Task.
Your copy should hold only the lines from the one containing "Dr Y Nayudamma memorial lecture" through the final line of the entries, exactly as written, with no pictures.

▬▬▬▬▬▬▬▬▬▬

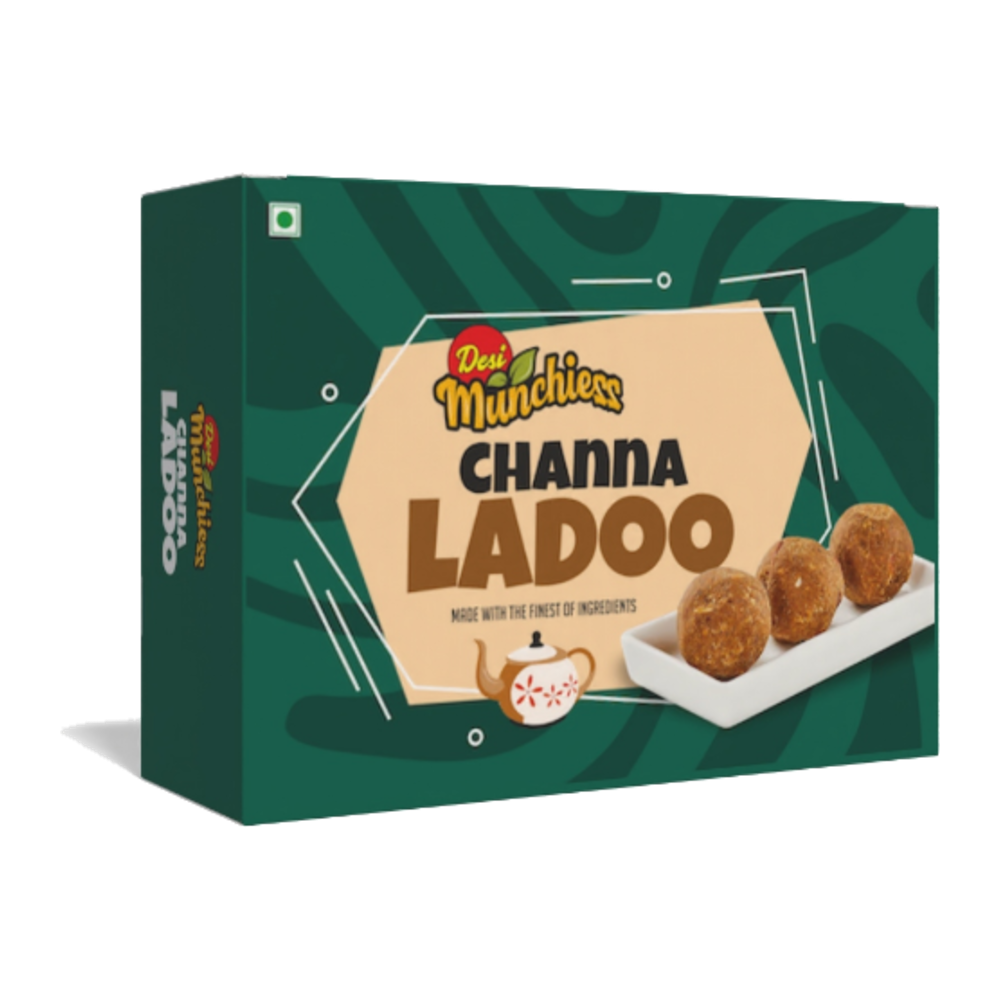 DesiMunchiess Chana Ladoo 400g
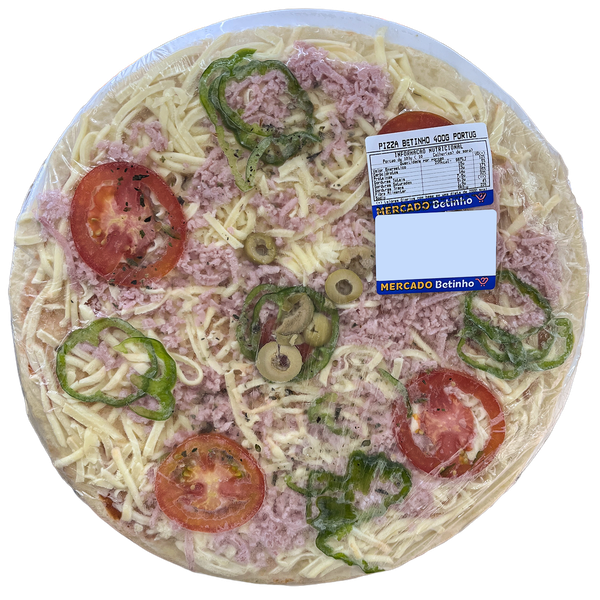 PIZZA GG BETINHO EMB 400g PORTUGUESA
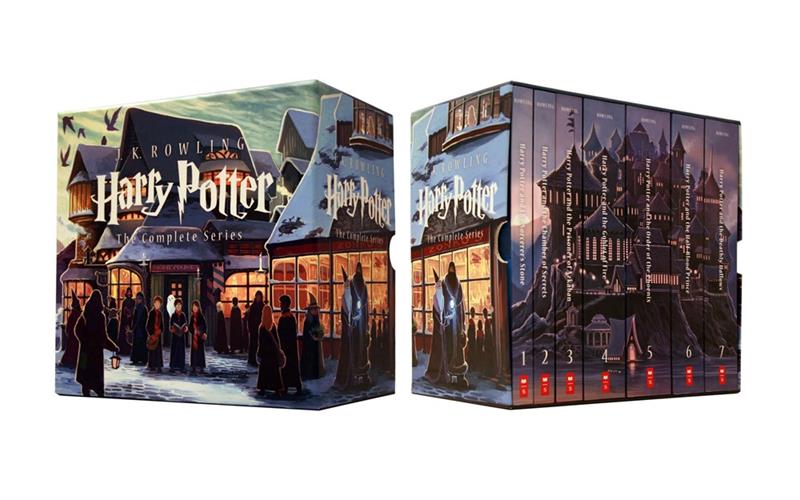 Harry Potter 15th Anniversary Special Edition Box Set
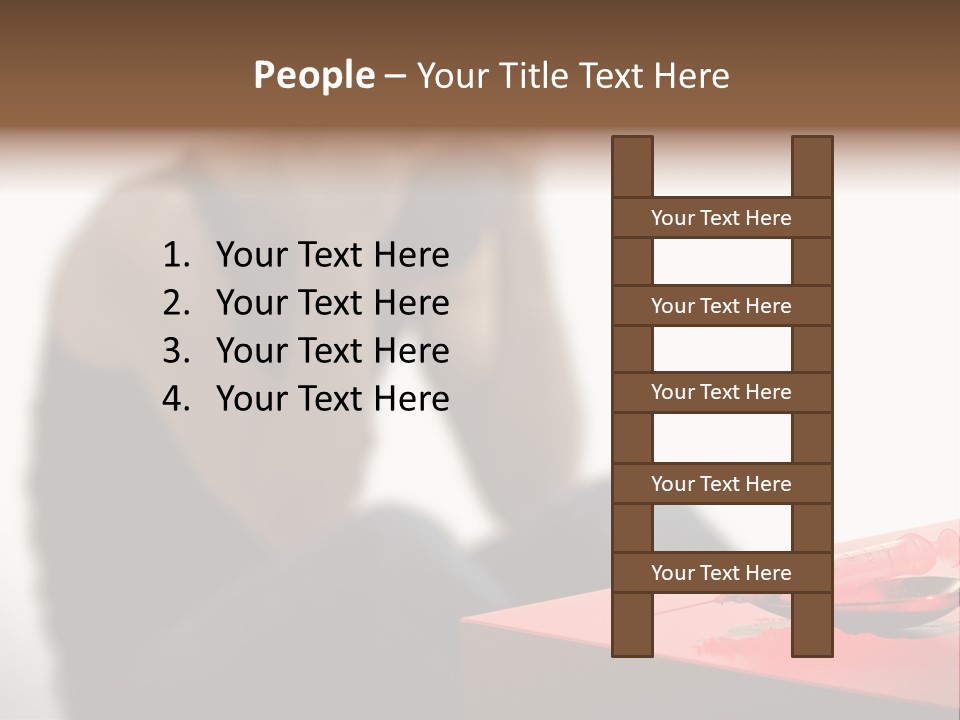 Conditioner Technology Unit PowerPoint Template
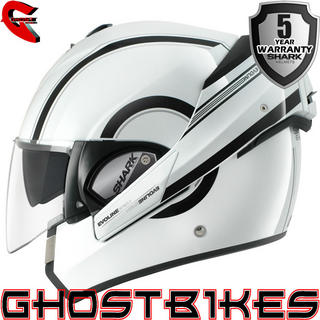 View Item Shark Evoline Series 3 Moovit Motorcycle Helmet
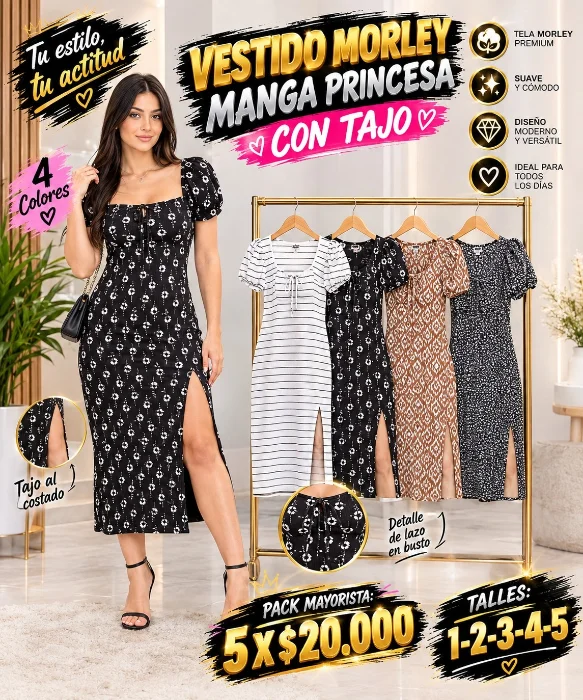 Vestidos Morley Oferta Exclusiva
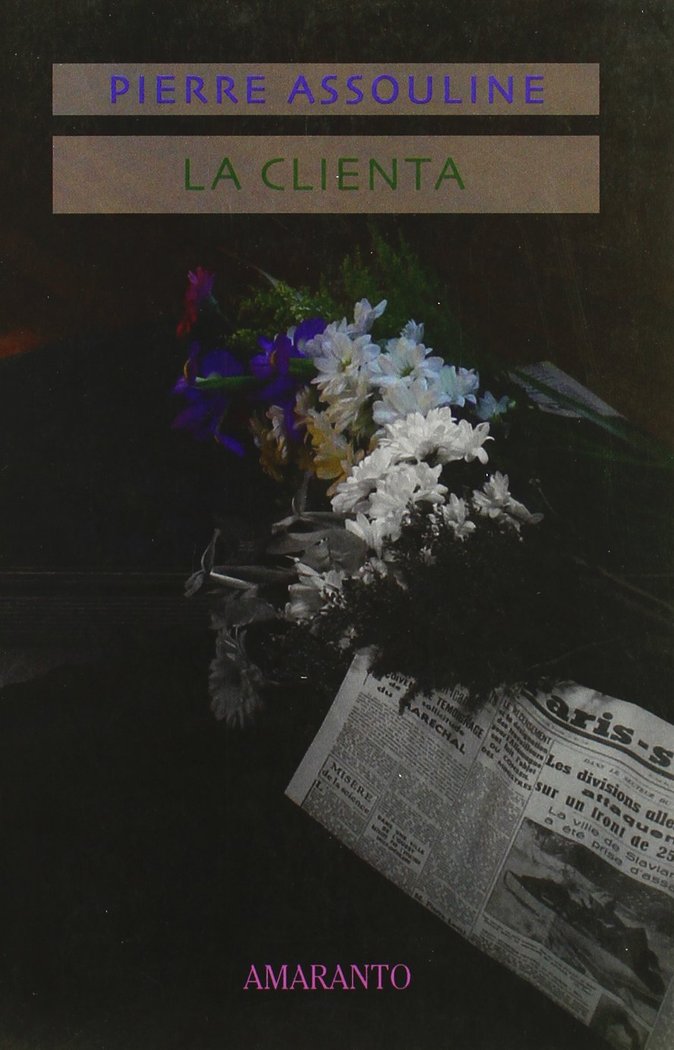 LA CLIENTA, de ASSOULINE | portada del libro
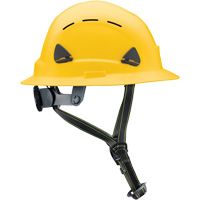 Fibre Metal Climbing Style Helmet with Full Brim, Meets CSA Type 2, Ratchet Suspension, Vented Par Equipment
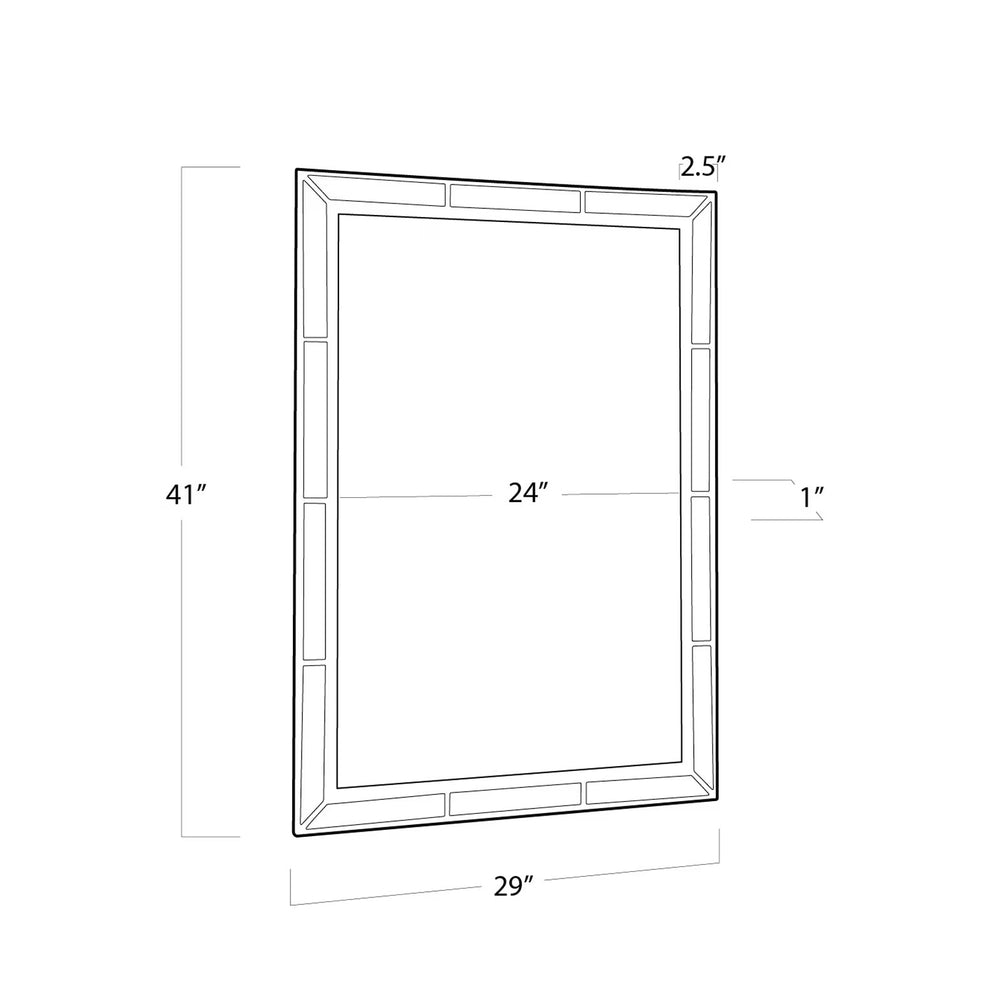 
                      
                        Plaza Beveled Mirror.
                      
                    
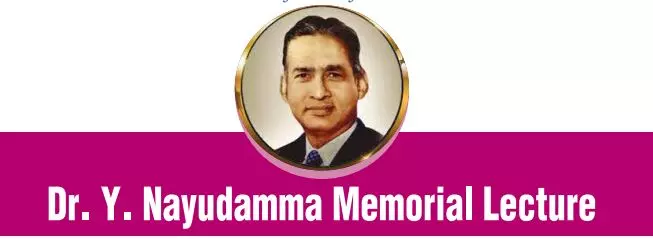 Dr Y Nayudamma memorial lecture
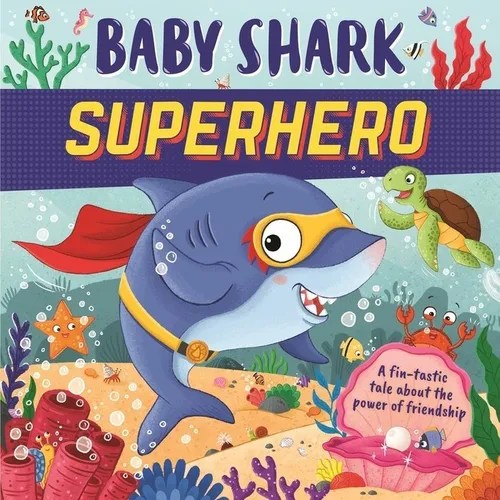 Libro Baby Shark Superhero Igloobooks Cuotas sin interés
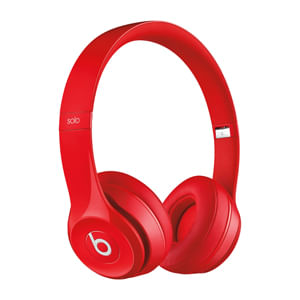 AUDIFONOS BEATS INALAMBRICOS EN OIDO SOLO2 WIRELESS  ROJO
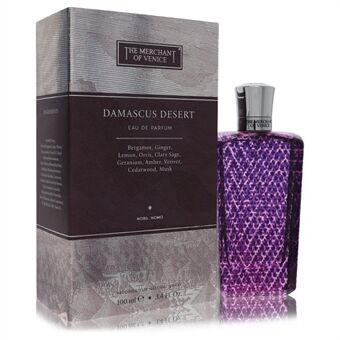Merchant of Venice Damascus Desert by The Merchant Of Venice - Eau De Parfum Spray 100 ml - voor mannen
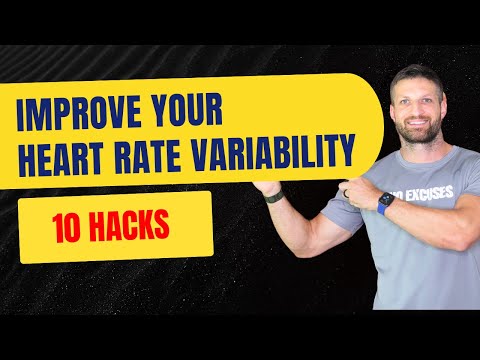 10 Hacks I’ve Used to Increase my HRV by 50%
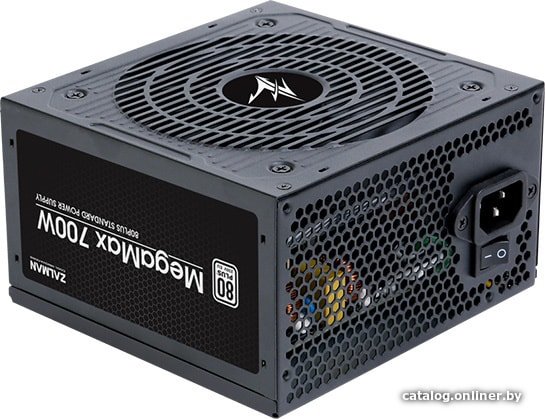 Блок питания Zalman MegaMax TXll 700W ZM700-TXII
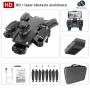 LYZRC L900 PRO MAX GPS 5G WiFi FPV with 4K HD Dual Camera Electronic Adjustable 360° Obstacle Avoidance Optical Flow Positioning Brushless Foldable RC Drone Quadcopter RTF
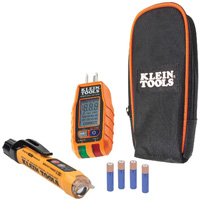 Premium Non-Contact Voltage and GFCI Receptacle Electrical Test Kit Ontario Packaging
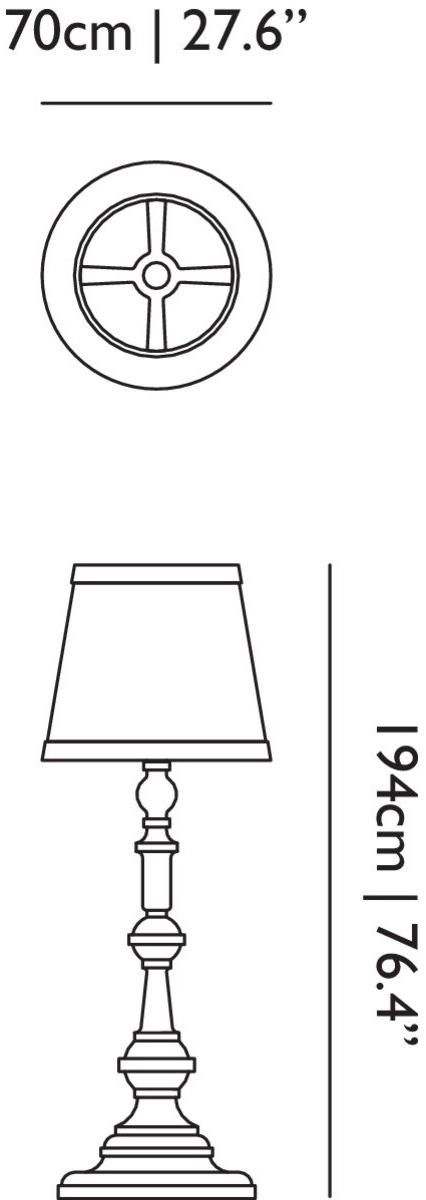 moooi Торшер из картона Paper patchwork sun-id-1500771 - Вид №1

▬▬▬▬▬▬▬▬▬▬

Answer.
 Dr Y Nayudamma memorial lecture
 Libro Baby Shark Superhero Igloobooks Cuotas sin interés
 AUDIFONOS BEATS INALAMBRICOS EN OIDO SOLO2 WIRELESS  ROJO
Merchant of Venice Damascus Desert by The Merchant Of Venice - Eau De Parfum Spray 100 ml - voor mannen
 10 Hacks I’ve Used to Increase my HRV by 50%
 Блок питания Zalman MegaMax TXll 700W ZM700-TXII
 LYZRC L900 PRO MAX GPS 5G WiFi FPV with 4K HD Dual Camera Electronic Adjustable 360° Obstacle Avoidance Optical Flow Positioning Brushless Foldable RC Drone Quadcopter RTF
 Premium Non-Contact Voltage and GFCI Receptacle Electrical Test Kit Ontario Packaging
 moooi Торшер из картона Paper patchwork sun-id-1500771 - Вид №1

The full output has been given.